Look in the data below for the line that has "Foto del edificio - 6521 New Market Way", then print exactly every line from there through the line that has "Elezione Figc, c'era", leaving pictures out.

▶ [MATERIAL FOR THE TASK]:

..............................

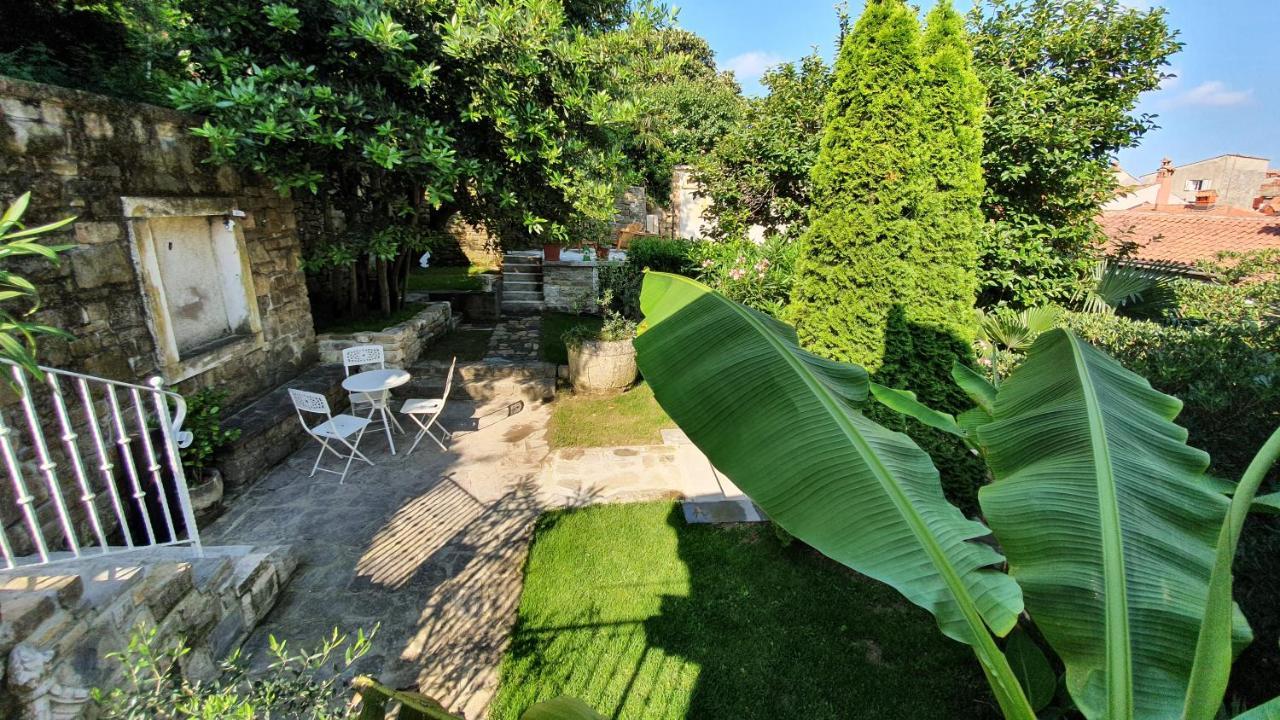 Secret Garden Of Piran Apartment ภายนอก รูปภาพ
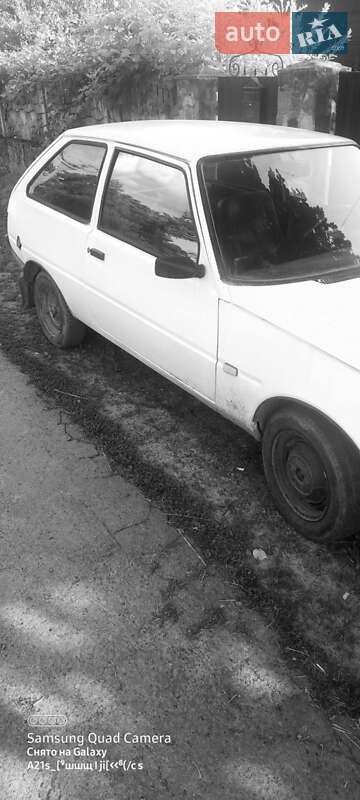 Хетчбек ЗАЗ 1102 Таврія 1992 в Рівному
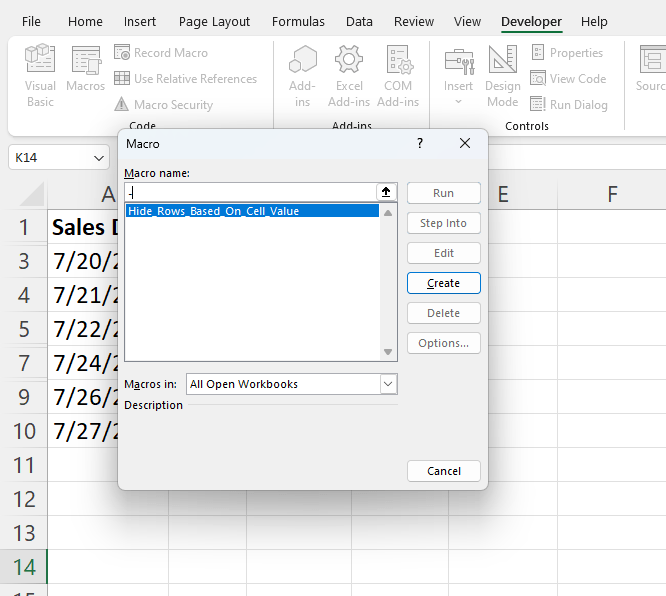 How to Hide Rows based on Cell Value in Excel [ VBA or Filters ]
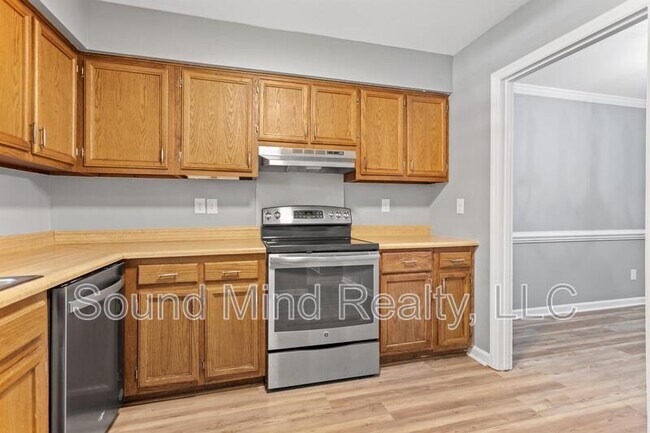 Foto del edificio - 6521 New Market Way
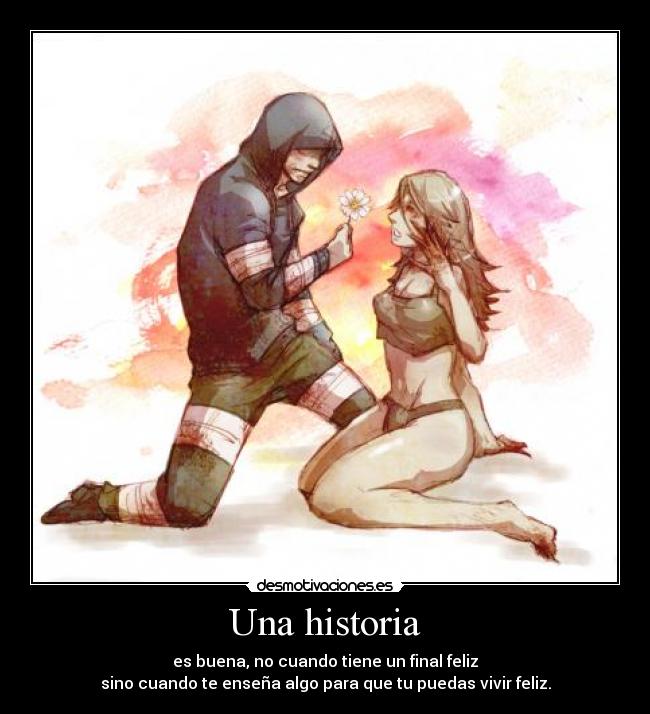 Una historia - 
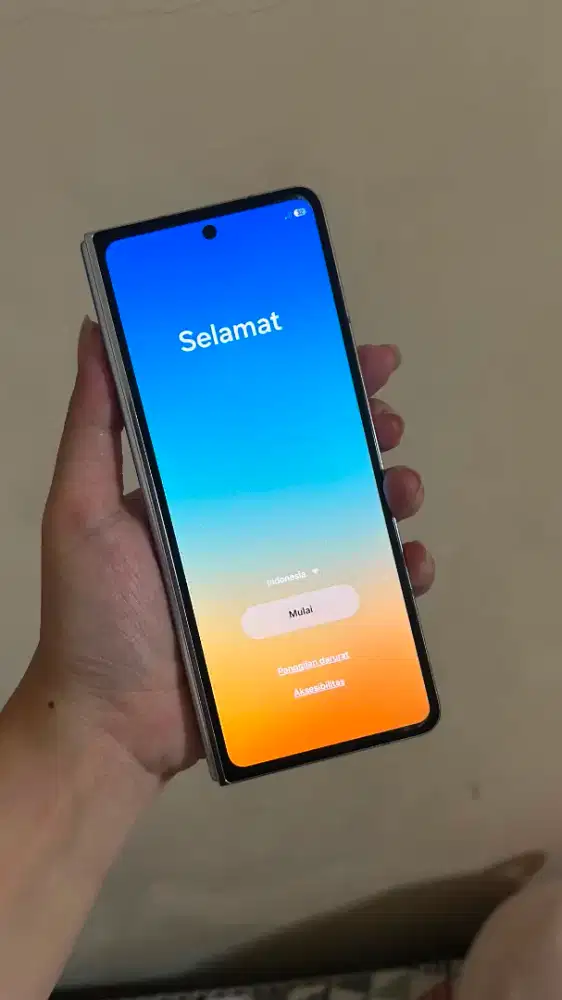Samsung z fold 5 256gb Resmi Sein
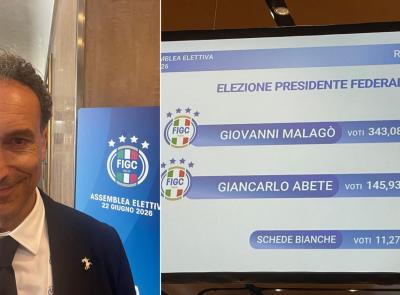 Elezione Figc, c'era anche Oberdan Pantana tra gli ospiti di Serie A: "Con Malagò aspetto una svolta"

..............................

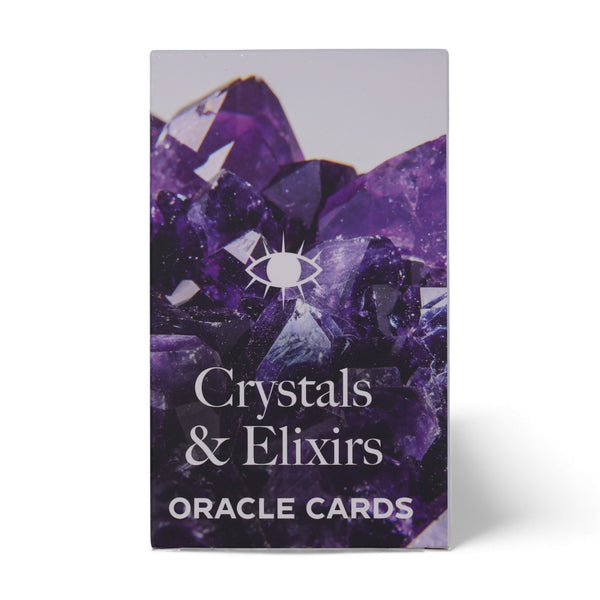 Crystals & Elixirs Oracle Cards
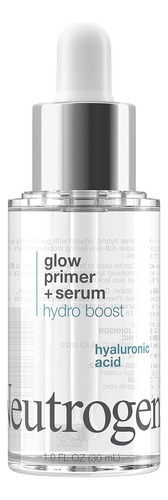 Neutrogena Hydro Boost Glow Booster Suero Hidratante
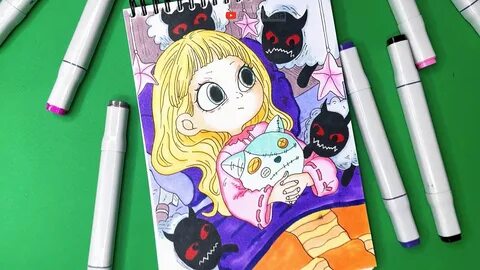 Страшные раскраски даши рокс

..............................

▶ [EXPECTED ANSWER]:
 Foto del edificio - 6521 New Market Way
 Una historia - 
Samsung z fold 5 256gb Resmi Sein
 Elezione Figc, c'era anche Oberdan Pantana tra gli ospiti di Serie A: "Con Malagò aspetto una svolta"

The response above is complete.